Elizabeth, not quite as satisfied with her new set of spells as she hoped she would be, tries to make herself useful with what she already had - glowing pigeons!

[Elizabeth's affinity roll: 4+1]

A wall of glowing, fluttering pigeons appears at the ruined wall leading inside the office, blocking the way out in a most inconvenient manner.

Larry, hoping to ward off the man that is on top of him, tries to fire off a trouser golem beam!

[Larry's affinity roll: 2+1]
[Larry's finesse roll: 2]

As he tries to aim at the man on his back, a single alkaline trouser golem flies out of his palm, sailing off in a parabolic arc and landing nearby. This proves distinctly unhelpful.

"What was that just now? A golem made of pants? How quaint."

Halesey, having gotten a visual on his adversary at last, proclaims a dire warning to him.

"Dude, give in.

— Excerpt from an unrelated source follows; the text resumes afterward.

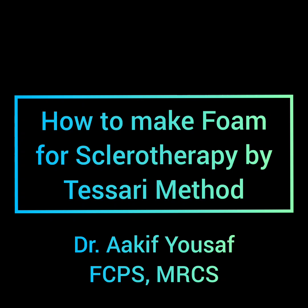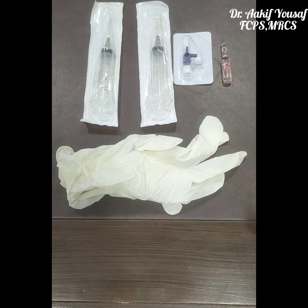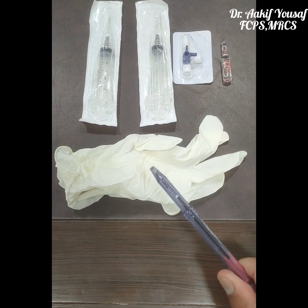Hi, my name is Dr. Akif Yousaf and today I am going to demonstrate to you how to make a foam for the sclerotherapy by the Tessari method. We will use this foam for the sclerotherapy of the varicose veins and the spider veins.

Call off your men and renounce your claims to this place, or I'll unleash power that'll make your damn golems look as puny as they damn well are. You got ten seconds to start leaving, or to pledge allegiance to me, or you spend the rest of your lives in nudist potato hell. No more fecking about," he says, trying his best to channel the infernal power of the potato vortex, but not really getting too good of a reception. This talking must be distracting him.

"I would, but I don't like shitheads musclin' in on peace-lovin' people's territory. Matter o' principle," the fellow answers, then opens up his arms. Halesey hears a sound like a metal plate wobbling as something suddenly clashes near him. Looking to his right, he notices the sharp-dressed man.

"Hello. I hope you're enjoying yourself, because the night's only beginning!" he says, dusting off his tuxedo.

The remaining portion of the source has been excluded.